音楽時報は定時に放送する必要があるため、「プログラムタイマー」や「プログラムチャイム」と呼ばれる、時計と連動して動作するPA装置が必要です。ところが、これも永楽電気は製造していない。
ここまでをまとめると、
鉄道会社向け:これまで信じられてきた永楽電気の放送装置組み込み=永楽電気が音源の制作メーカーと考える図式には疑問が残る。
各自治体や自治会向け:主に鉄道会社に製品を納入してきた企業である永楽電気は、ノータッチの可能性が高い。

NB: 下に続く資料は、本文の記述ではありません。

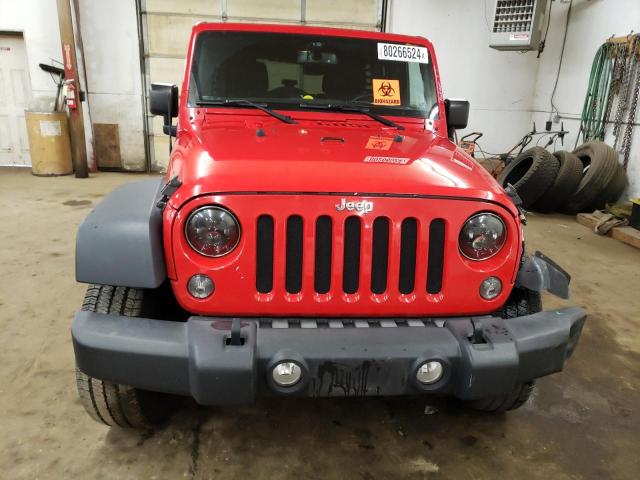 Photo 5 from auction – 2015 JEEP WRANGLER U with VIN 1C4BJWDG3FL508261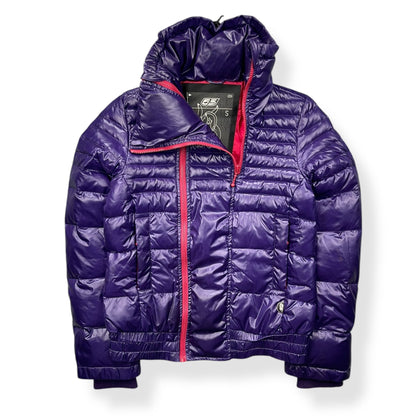 Diesel 55DSL Dual Zip Puffer Jacket (S) | Default Title, Pink
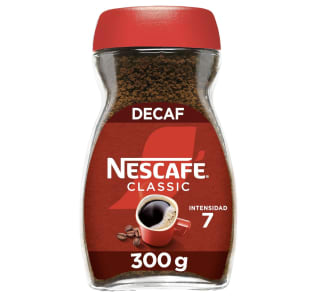NESCAFÉ Classic Descafeinado 300g por 7,59€
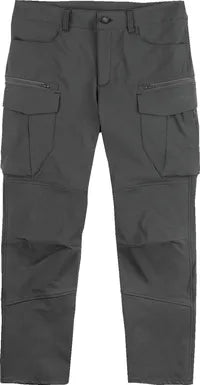 Icon Superduty3™ Pants For Motorcycle Riding - Black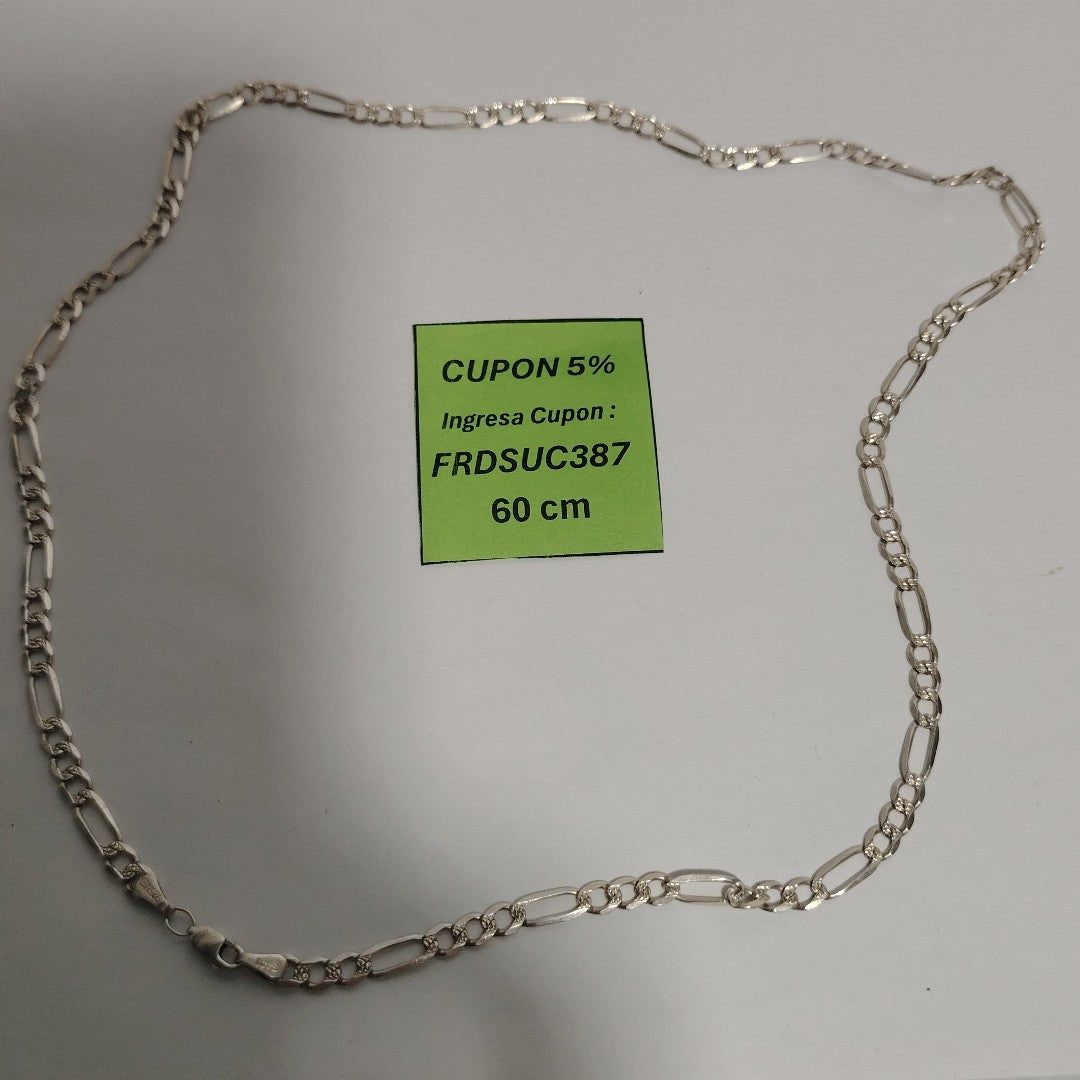 CADENA PLATA 14.4 GRMS (SEMINUEVO)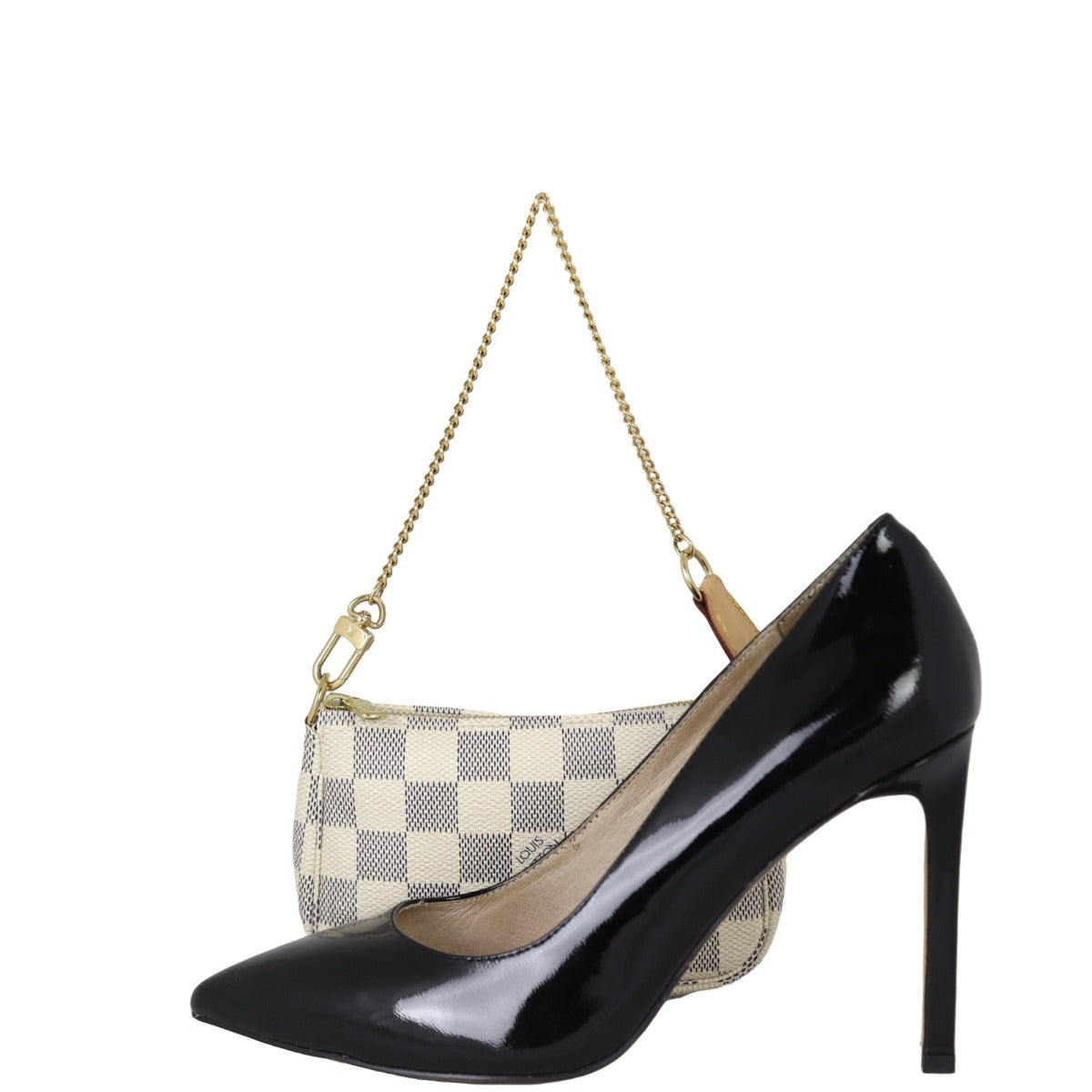 Louis Vuitton Mini Pochette Accessoires Damier Azur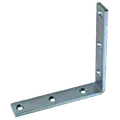 PN vinkelbeslag 158x158x26x5,0 mm. elforzinket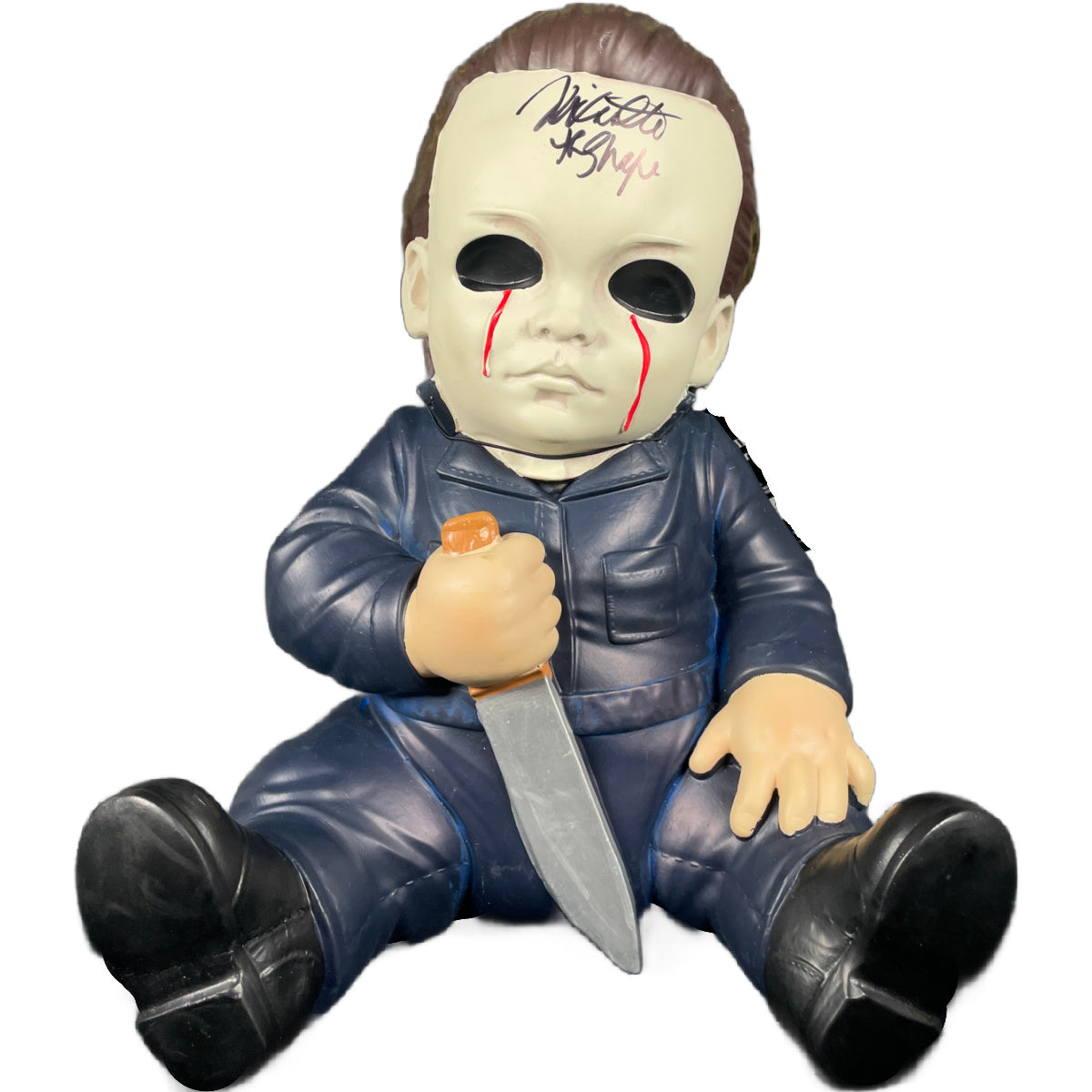 Nick Castle Signed Michael Myers Halloween Horror Babies Autographed JSA COA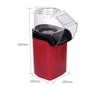 Hot Air Popcorn Maker Automatic Popcorn Machine Household Small Corn Harvester Popcorn Machine: European standard/British Standard
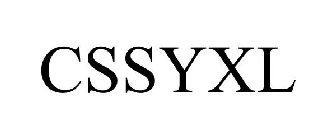 CSSYXL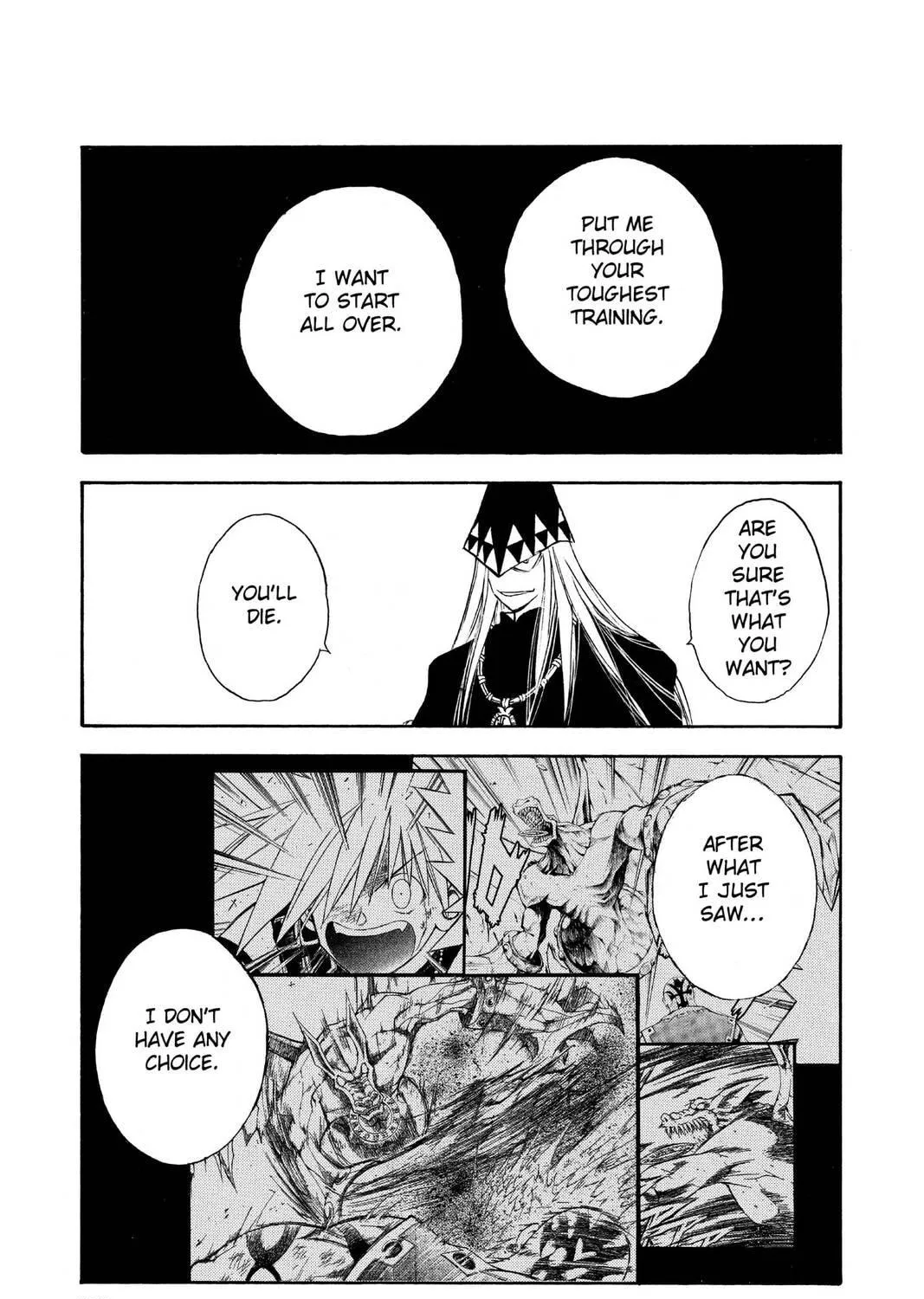 Read MÄR chapter 48 image 28 on Lezhin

一般に発車メロディー向けに制作された楽曲は短くて5秒程度〜長くとも20秒程度と一定の秒数に収まります。電車の停車時間に合わせて発注・制作されるからです。ところが、「永楽音源」は短くとも40秒程度*3、長いものでは70秒近くもあります*4。発車メロディー向けに制作された楽曲とするには無理があります。主に鉄道会社に納入する永楽電気が発車メロディーに特有な制作条件を無視して編曲するとは考えにくい。
とすると、あのメロディー群は「永楽電気」ではなく、「National」もしくは「〇〇ナショナルシステム」が発注した可能性が高い。とはいえ、まだまだ「永楽電気」の可能性が残ります。いわゆる「状況証拠」に過ぎないからです。では、なぜ永楽電気製の装置に大量に組み込まれていたのでしょうか。

謎2 組み込みの謎
これには大人の事情があったとか。これ以上は言えません。

謎3 速度の謎
所有する原盤の再生速度は「すみれの花咲くころ」がJR那須塩原駅のものでした。例えば、三鷹市役所の「緑の風」や「すみれの花咲くころ」、鳥取県庁の「ふるさと」や「アマリリス」とは若干再生周波数が高く設定されています。ところが、JR東日本に初期に導入された「永楽音源」は三鷹市役所や鳥取県庁のものから再現すると、非常に難しい。私の所有する原盤からですと1.3倍速や1.75倍速等非常にキリのいい数字で周波数変更すれば容易に再現できます*5。ところが、JR箱根ケ崎駅で採用された「すみれの花咲くころ」は三鷹市役所と同じものです。JR白岡駅やJR新白岡駅も同様です*6。おそらくJRに納入された音源は2種類あり、
1 私の所有する原盤と同じ再生周波数のもの。
2 私の所有する原盤とは若干再生周波数を下げたもの。
ではないかと思われます*7

謎4 音質の謎、あるいは所有原盤の作成時期の謎
「永楽音源」を特徴づけるサウンドとしてバックのホワイトノイズが挙げられます。そのホワイトノイズは私が所有する原盤でも確認できました。
しかし、私の所有する原盤は、一部の採用箇所で耳にできるものと比べて若干音が貧弱です。また、「希望の鐘 チューベルタイプ」や「すみれの花咲くころ」に至っては音割れを起こしています。
例えば三鷹市役所の「緑の風」と私が所有する原盤の「緑の風」を比較すると、三鷹市役所の方が音質がいい。「すみれの花咲くころ」は音割れは起こしていません。
おそらく私が所有する原盤は三鷹市役所のものより劣化したテープからマスタリングしたのだと思われます。また、ホワイトノイズの向こうに同じ音源が低い音量で裏被りしています。これは古くなったテープでしばしば見られる現象です。「制作著作」と銘打った企業が、ジャケットの名称を名乗っていたのは1994年1月から2008年10月まで。時期からしても古くなったテープから起こしていた可能性が高そうです。
ただ、JR赤羽駅5番線や6番線で採用された「牧場の朝 Type.1」や「アマリリス」は私の所有する原盤と比べてかなり劣化した印象を受けます。例のホワイトノイズを波形処理で削除した結果でしょうか?。
とすると、先にあげた1と2以外に3あるいは4の納入音源群がありそうです*8

謎5 他社所有の謎
YouTubeを徘徊していると不思議な動画に出会いました。「ウェストミンスター・チャイム」の様々なアレンジを収録しているようですが、、、


www.youtube.com


なんと「希望の鐘 エレピタイプ」と「ノートルダム寺院の鐘」の周波数低めバージョンが収録されている!。投稿者の方によるとノボル電機のものだそうです。一体なぜ・・・。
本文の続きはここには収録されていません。